My bf of 10 years, yes 10... he is 51 years old and basically has "not pot

to piss in"... .pretty sad. He bought a car a few months ago, could not

afford the payments so decides to "repo" it willingly this past month,

now, he also started a new job, and is not making nearly as much money

as his old job... .and his excuse is "well i can't just pull money out of my

ass"... .this is tiring, we split the bills, yet he hasn't been able to pay

for his "fair share" for about 2 months and bills are getting backed up.

He decides to ask his dad for a "loan"... .and his dad says "a 51 year old

man should not be without a car, and should be able to help himself" and

denied giving him money.

Now, my bf decides to ask me for money... .yes, I have the money to

loan, but will i get it back? probably not most of it... .my bf's credit

is bad, and now will be worse since he willingly let his car be repo'd... .

I know the car company will be sending him a "balance due" for whatever

the car gets auctioned for and for what he owed.

I know i am soo Codependent, codependent person of the day... .

His biggest saying is "well when 2 people love eachother they help

eachother out"... .well i am tired of helping out, I am tired of always

picking him back up on his feet. And now he wants to borrow money from

me to buy a car.

I feel so messed up and "pulled" into his web by his "two people love

eachother" deal.

Any info is great!


Title: Re: things are financially getting worse, and i still stay
Post by: Daniell85 on October 21, 2015, 03:20:37 PM
Hi Vindi,

I was married once. I was still in college when I met my ex husband. He was easily able to convince me to help him financially. Debt collector, tax collectors... .came crawling out of the woodwork. I felt obligated and horribly guilty for not wanting to. I did it, though. As a result I tried numerous times to disentangle myself from him. It took 10 years. I walked away cored out. I was financially ruined, my credit was destroyed, my business was deliberately taken apart by the ex, and a smear campaign ruined my reputation.

What I have come to realize, years later, is this is about boundaries. So what you are struggling with is your boundaries and core values being challenged. You sound like you have had a lot of empathy, and that is being manipulated.

He is guilting you. What is going on inside of you at that point? Are you afraid or you feel like you are being terrible? Or what is it you are fearful will happen if you enforce this boundary about money with him?



Title: Re: things are financially getting worse, and i still stay
Post by: Vindi on October 21, 2015, 10:07:02 PM
thanks Daniell... .my question is... is why does he think like this? well yes,

being UBP bf... .why would anyone buy a car they know they cannot afford, then stop making payments... .then have it repo'd... .and now have no car... .Luckily his buddy from work is picking him up/driving him home each day... .I work opposite shifts from my bf so I cannot be his escort for this.

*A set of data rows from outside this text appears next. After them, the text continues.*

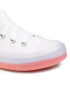 Converse Кецове Ctas Cx Hi 167807C Бял - Pepit.bg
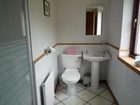 фото отеля Woodside of Glasslaw Guest House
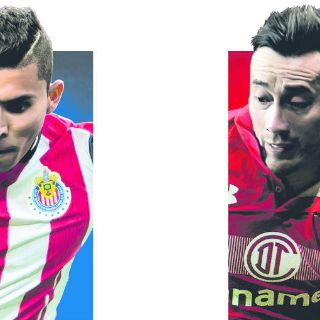 Chivas, a romper la sequía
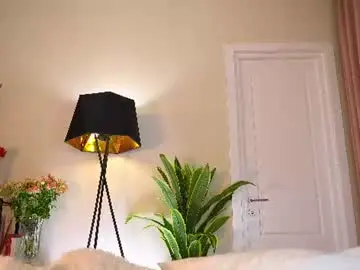 Chaturbate Live Porn of pafosstar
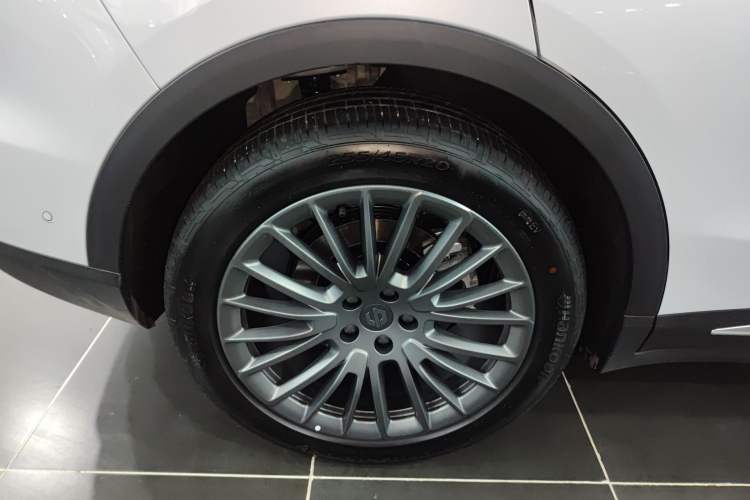 Used Leapmotor C11 2024 All-Electric 580 Luxury Edition Exterior 5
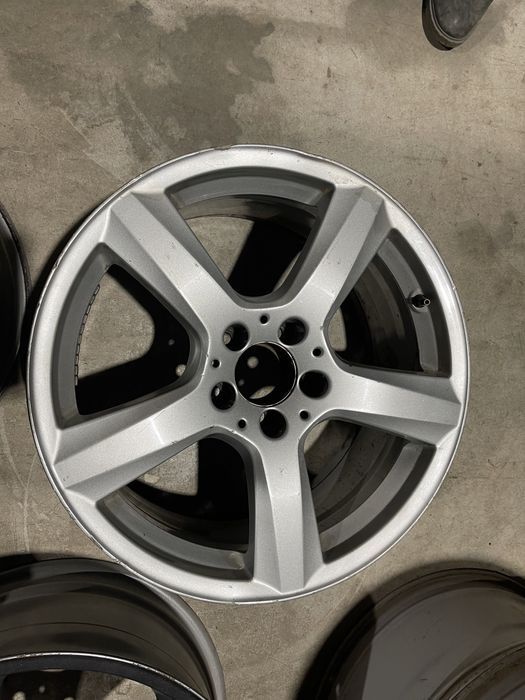 Jante originale Mercedes e class CLS W218 pe 18 Zoll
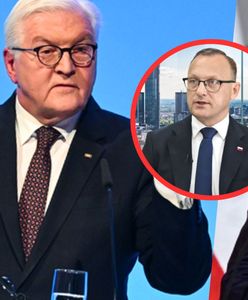Nawrocki wkrótce w Berlinie. Rzecznik prezydenta zapewnia: Upomni się o reparacje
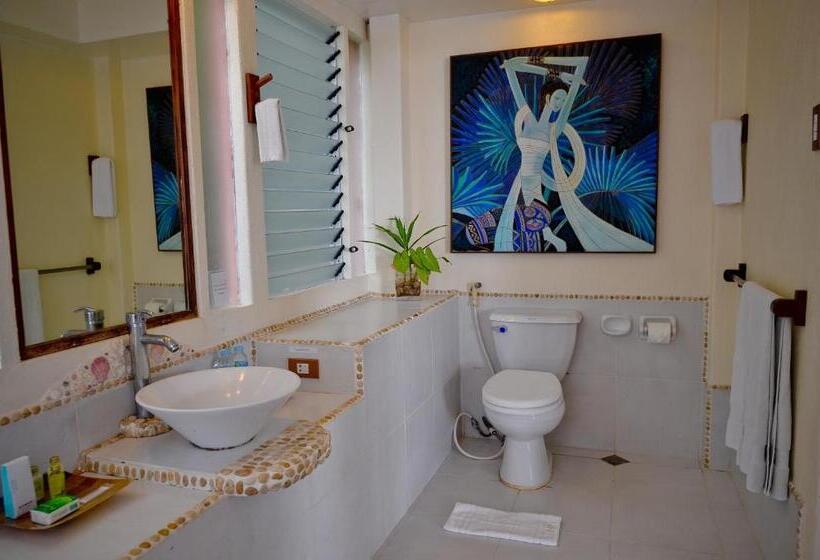 수피리어 룸, Punta Bulata White Beach Resort & Spa
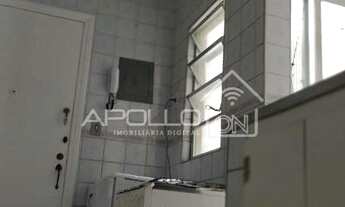 Imagem 2: Apartamento Kitnet em Centro - São Vicente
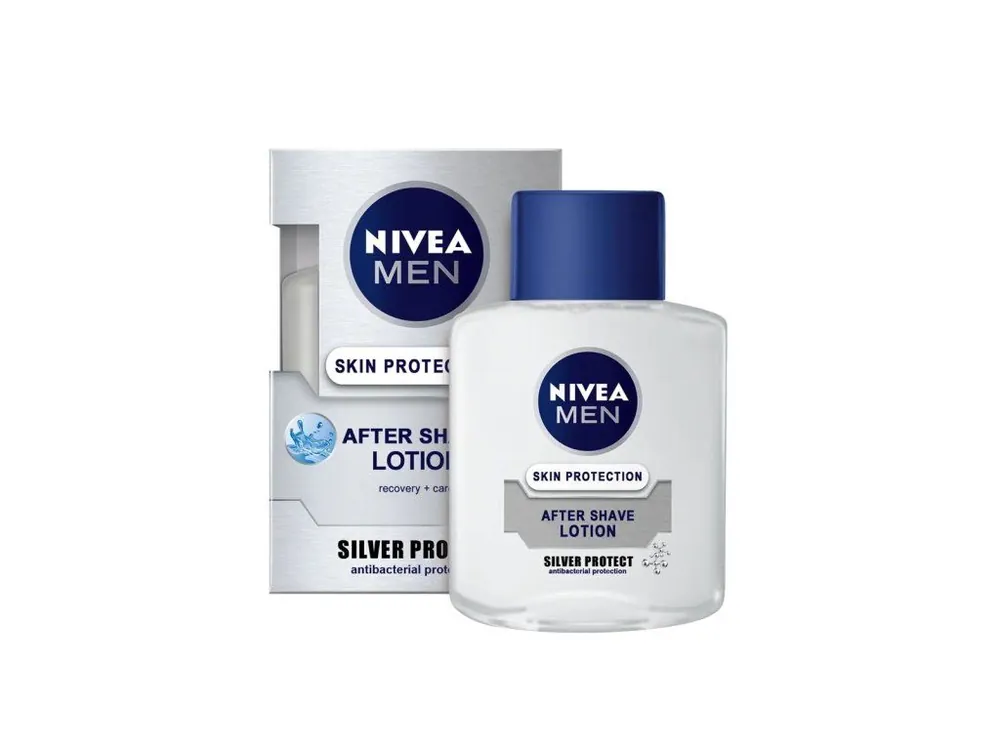 Nivea Men voda po holení 100 ml Skin Protection Nejlepší Cena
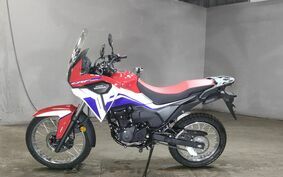 HONDA CRF190L 不明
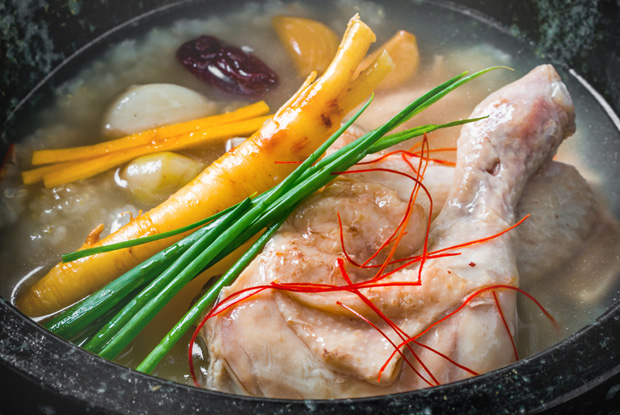 みんな満足!人気のおすすめ韓国料理はこれ!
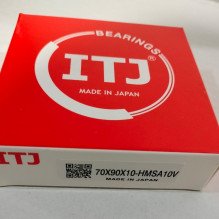 Сальник 70х90х10-HMSA 10V / виробник ITJ Japan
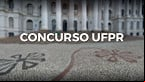 UFPR abre concurso para Professor pelo edital 176/2025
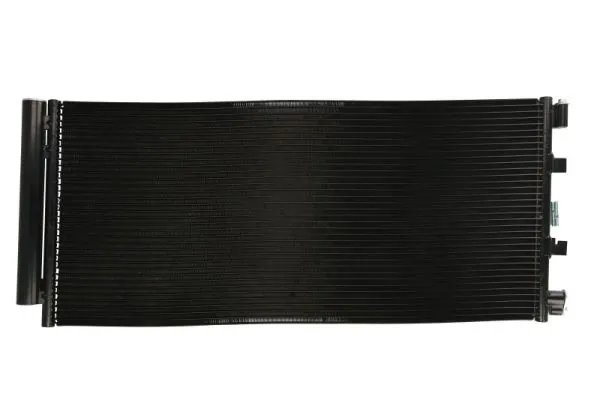 RADIATOR CLIMATIZARE THERMOTEC KTT110417 - Compatibil cu NISSAN, OPEL, RENAULT, VAUXHALL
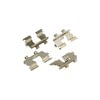 Carlson 13130 Disc Brake Hardware Kit Disc Brake Hardware Kit
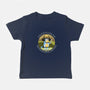 Archaeological Services-Baby-Basic-Tee-rmatix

What i fear is... .that i am abandoning him at this time when he needs help, I guess i feel sorry for him... .his dad easily said "no i will not loan you the money"... .then my bf throws it back in my face that "well, when 2 people love eachother, etc"... .i am tired of hearing that saying, and yes he has said it b4... .he even said to me "well, i know you have the credit/money for me to loan him to buy the car, and I should offer to do this"... .well, again i do not understand "his thinking"... .i know deep in my heart I should not help him out, yes, he will give me the guilt trip and I honestly just feel sorry for this guy, even though he got himself into this big mess.

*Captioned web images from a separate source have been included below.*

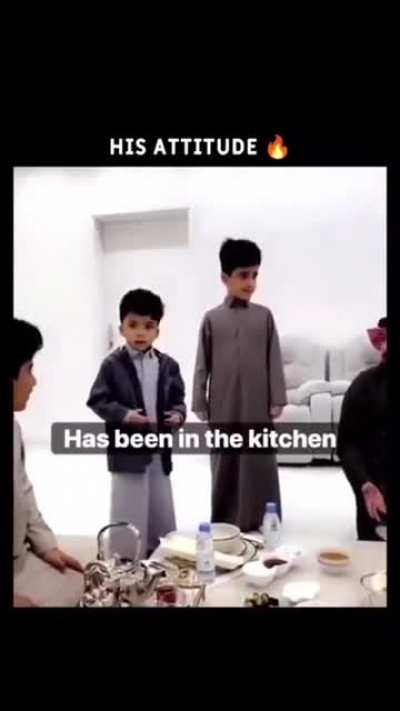 Didn't expect that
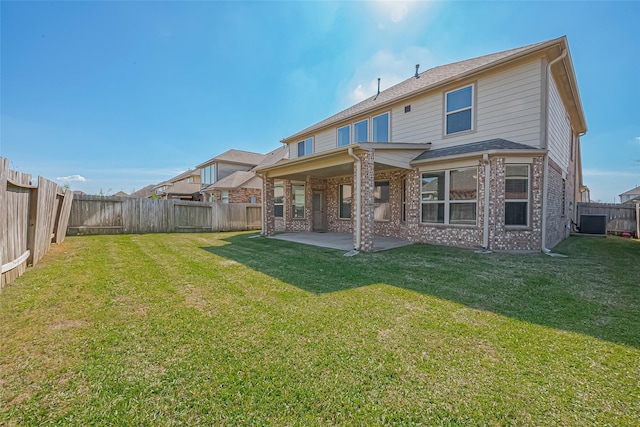 9823 Corben Creek Ln, Richmond, TX 77407 - photo 34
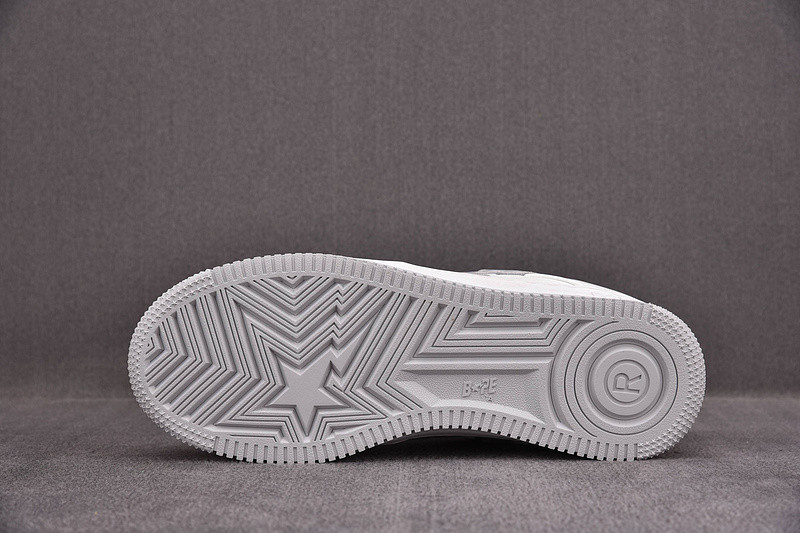 BAPE SNEAKERS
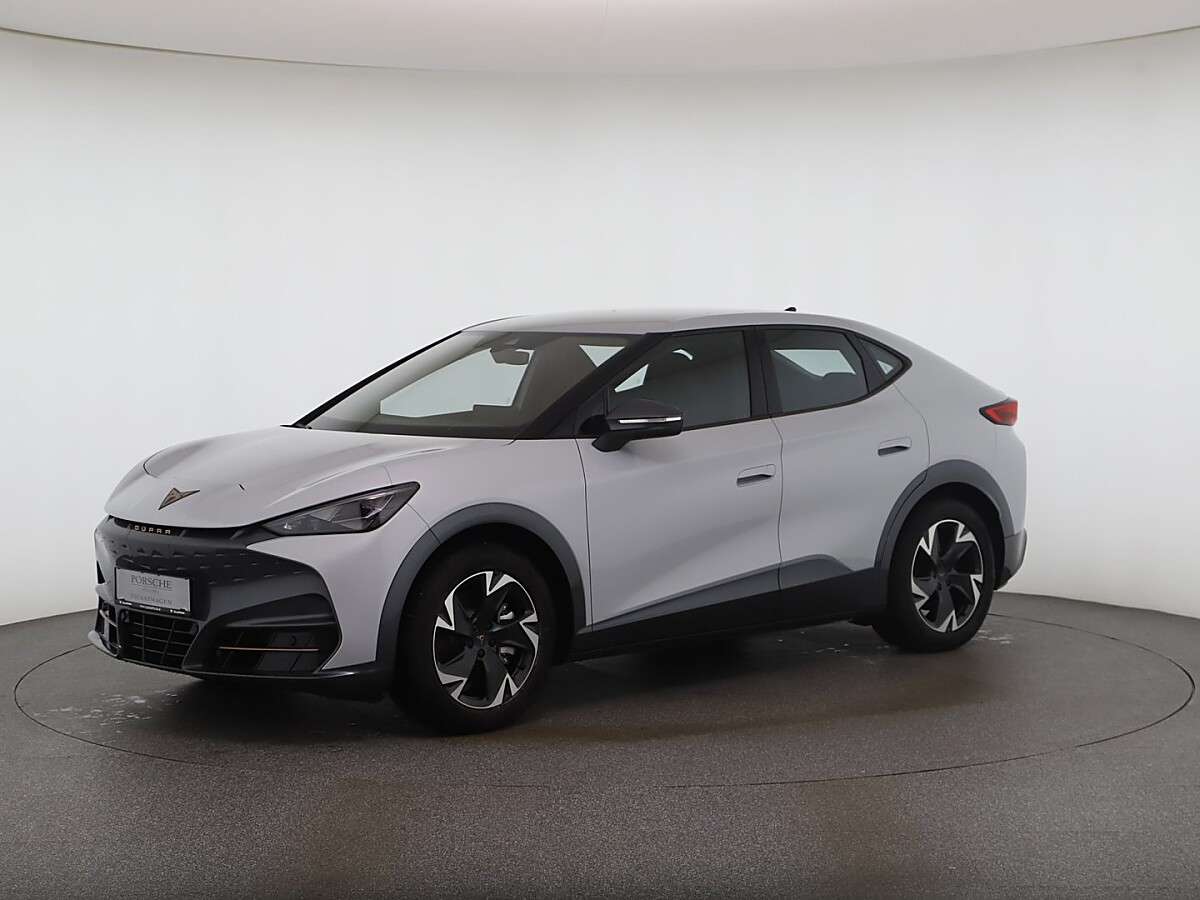 Cupra Tavascan Base 210kW/286PS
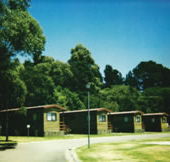 Katoomba Falls Caravan Park - Accommodation Broome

And yes, i need to work on my boundaries, setting firmer ones, being stronger... .sometimes i get mad at myself for feeling like a weak person, a weak girl when i should stand tall and proud. Yes, i suffer low self esteem!

I just don't know anymore, i cannot understand how he can just let everything go in his life, I mean a car, everyone needs a car! and he has no money to buy one, and he cannot expect his buddy from work to pick him up and drop him off everyday... then the whole other subject of this lower paying job that he has, how is he going to pay all the bills?

I just wanted to post here to get things off my back, and vent... .thanks for any feedback & listening.